A few weeks ago, I met someone who asked me how I got into church architecture, sacred art, and the liturgy. I explained that it all started because, as a kid, I was fascinated with the architecture and aesthetics of sports stadiums.
Universities and governments spend unfathomable amounts of money on these buildings because they are a very large and emphatic statement about who we are and what we value as fans of the team or citizens of the state. Notre Dame’s facilities remind fans of all the legends who’ve played there, the “echoes of glory” and whatnot. Oregon’s facilities are cutting-edge, high-tech, and unbelievably cool. We spend loads of time and money on these structures because we believe (wrongly) that something extremely important happens there. And, in a thousand years, archaeologists will find the ruins of these stadiums and postulate (rightly) that these must have been the centers of civic life.
Although these sports facilities are cool, I gradually became more interested in the places where we do the Actual Most Important Thing In The Universe: the Mass.
It is not hard to see the connection between the Yankee Stadium of today and the massive cathedrals of the past. The citizens of central France built Chartres because it said something about who they were, and what they believed to be taking place inside.

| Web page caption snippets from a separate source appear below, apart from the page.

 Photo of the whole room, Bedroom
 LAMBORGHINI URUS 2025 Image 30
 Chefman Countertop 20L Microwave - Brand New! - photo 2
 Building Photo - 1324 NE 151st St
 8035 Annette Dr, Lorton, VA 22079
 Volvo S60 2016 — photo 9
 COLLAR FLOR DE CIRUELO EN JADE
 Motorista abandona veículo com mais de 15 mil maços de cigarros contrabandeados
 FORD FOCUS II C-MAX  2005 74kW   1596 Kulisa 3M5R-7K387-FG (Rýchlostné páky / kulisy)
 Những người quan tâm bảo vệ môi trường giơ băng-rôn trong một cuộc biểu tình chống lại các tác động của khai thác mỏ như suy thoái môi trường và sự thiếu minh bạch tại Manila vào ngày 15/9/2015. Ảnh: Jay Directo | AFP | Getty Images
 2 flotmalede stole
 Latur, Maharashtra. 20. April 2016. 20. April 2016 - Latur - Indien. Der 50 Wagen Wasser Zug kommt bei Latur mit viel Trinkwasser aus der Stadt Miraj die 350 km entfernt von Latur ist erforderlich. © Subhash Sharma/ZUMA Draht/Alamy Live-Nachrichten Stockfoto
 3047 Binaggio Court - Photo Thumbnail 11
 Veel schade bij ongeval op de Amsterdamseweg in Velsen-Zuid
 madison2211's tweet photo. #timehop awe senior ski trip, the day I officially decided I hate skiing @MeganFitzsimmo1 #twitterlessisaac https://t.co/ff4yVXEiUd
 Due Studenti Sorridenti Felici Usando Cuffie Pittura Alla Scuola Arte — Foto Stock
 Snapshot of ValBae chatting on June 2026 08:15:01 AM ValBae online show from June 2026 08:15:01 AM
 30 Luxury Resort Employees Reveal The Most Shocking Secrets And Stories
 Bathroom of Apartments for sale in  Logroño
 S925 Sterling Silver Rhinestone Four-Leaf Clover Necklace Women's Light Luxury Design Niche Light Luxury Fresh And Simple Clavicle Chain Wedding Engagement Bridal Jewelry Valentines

Cathedrals and ancient ruins are interesting to us precisely because they required a lot of capital, and thus were a statement about the values and priorities of the societies that built them. Well, this is still true today. The way we build and decorate our churches says everything about what we believe is happening in there.
If we hold that the primary point of the Mass is to be “a welcoming community of believers, gathered around the table for a festive meal” or something, then our churches will look and feel like a living room or a family restaurant. If this is you, don’t work with Granda. You are going to hate us. Sorry.
But, if we believe that something of cosmic importance takes place on the altar — namely, our eternal redemption in Christ’s sacrifice on the Cross, and all that that entails — then we ought to create spaces fitting for that. This is what I believe, and this is what Granda is all about.
Archbishop Sample of Portland recently did an interview with Catholic World Report, which is worth a read. During the conversation he quotes Pope Benedict, who said “If we don’t have the liturgy, what do we have?” It’s a good question. The way we approach the liturgy determines everything else about who we are as Christians. That’s why this matters. It’s the most important thing in the world.